The sound of artists

Gabi Dao, artist.| Photo courtesy of Gabi Dao.

Gabi Dao is a Vancouver-based artist whose work in installations and sound has earned her a media residency at the Western Front. Over the next several months, Dao will produce a series of podcasts, which will culminate in a live public event in the fall of 2017.

Dao is a second generation Chinese-Vietnamese woman whose artistic passion was initially met with opposition. Growing up in a culture where art took a back seat to traditional studies like maths and sciences, Dao pursued other creative outlets such as classical piano before eventually dedicating herself to her art. With her parents’ support, she studied contemporary art during her undergrad at the Emily Carr University of Art and Design. From there, her interests grew.

“I wanted to do something that frightened me,” Dao explains. “I started to hit up sculpting classes, and after that, I wanted to do something even more challenging. I started taking sound classes as a way to revisit experiences I had playing classical music, but thinking about it in a way that wasn’t following constructs.”

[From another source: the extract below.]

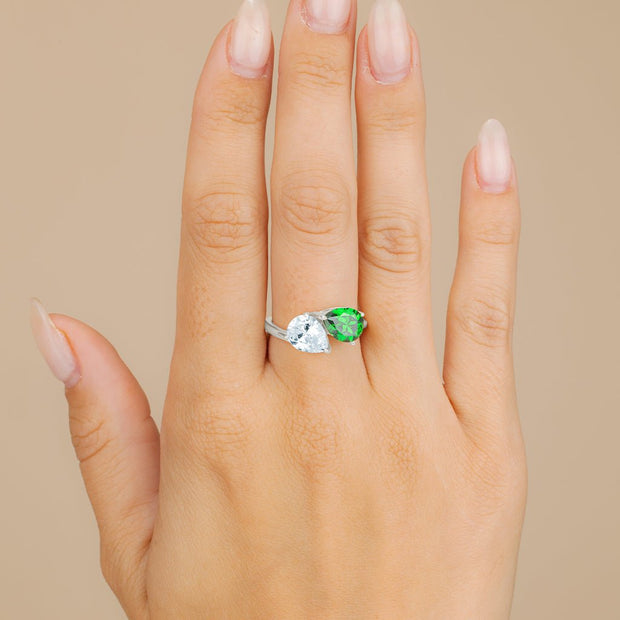 Sterling Silver Pear Toi et Moi Ring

Much of Dao’s art has cultural motifs behind it, such as a prior project done at Artspeak where she created a shell sculpture and radio to represent the pirate radio broadcast she had done that was influenced by her mother’s foreign accent improvement tapes. Despite being grounded in her culture, she’s very careful with how she
represents it.

“There’s a conversation around ethical implication when using one’s identity to make artwork,” says Dao. “I’m very careful not to fetishize materials or history. I don’t ever want to feel like I’m exploiting a familial history in order to produce content.”

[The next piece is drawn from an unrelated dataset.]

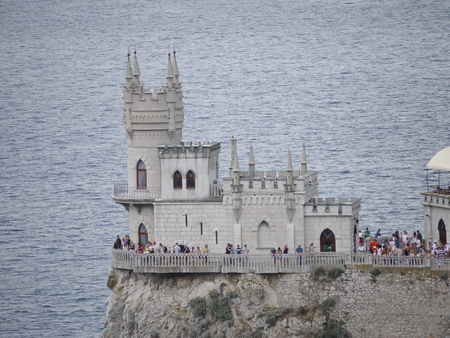 Chic and majestic castle on a rock above the black sea with the name of the swallow's nestのeditorial素材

For Dao, her installations and sound experiences appear in a more general capacity so that there’s a level of access that can be reached by all. She explains that with generality, viewers can tap into their own subjective musings and find their own particular meaning.

Residency

Dao’s residency at the Western Front will be from the spring and summer of 2017 and will culminate in a live public event of her project in the fall. Stepping away from creation and sculptures, Dao is planning a series of podcasts that she refers to as a sonic space. The sonic space will highlight emerging artists, cultural producers, and other community members within Vancouver who will share talents and respond to the precarious nature of affordable housing and affordable studio spaces in downtown Vancouver.

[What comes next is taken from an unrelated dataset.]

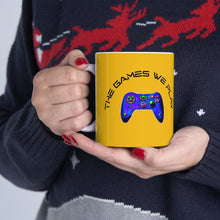 Cargar imagen en el visor de la galería, The Games We Play version 3 Yellow Mug 11oz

“It’s a space to promote conversation or discourse around emerging artists and producers,” Dao says. “Conceptually, it’s this idea of having a program as a space where people can talk about what they do and how their conditions and their surroundings in their cities affect their lives.”

Currently, Dao has eight people lined up to speak on her podcast. The first in the lineup is Yu Su, an electronic music artist who immigrated to Canada from China only four years ago. Part of the podcast program will have Dao and Yu Su speaking about art spaces within the city, Yu Su’s cultural transition from China to Vancouver, as well as doing a calisthenic workshop for invited guests. Like Dao’s own work that incorporates both structure and sound, her podcasts will invite guests whose unique sounds are a contributing factor to their identity.

“I would definitely like to continue my podcast [after residency]. I’m trying to apply for funding to make a documentary on emerging music and cultural scenes in Southeast Asia, which stems from the podcast series,” says Dao. “Second generation kids are doing things that wouldn’t be a traditional part of their culture: like trying to be an artist.”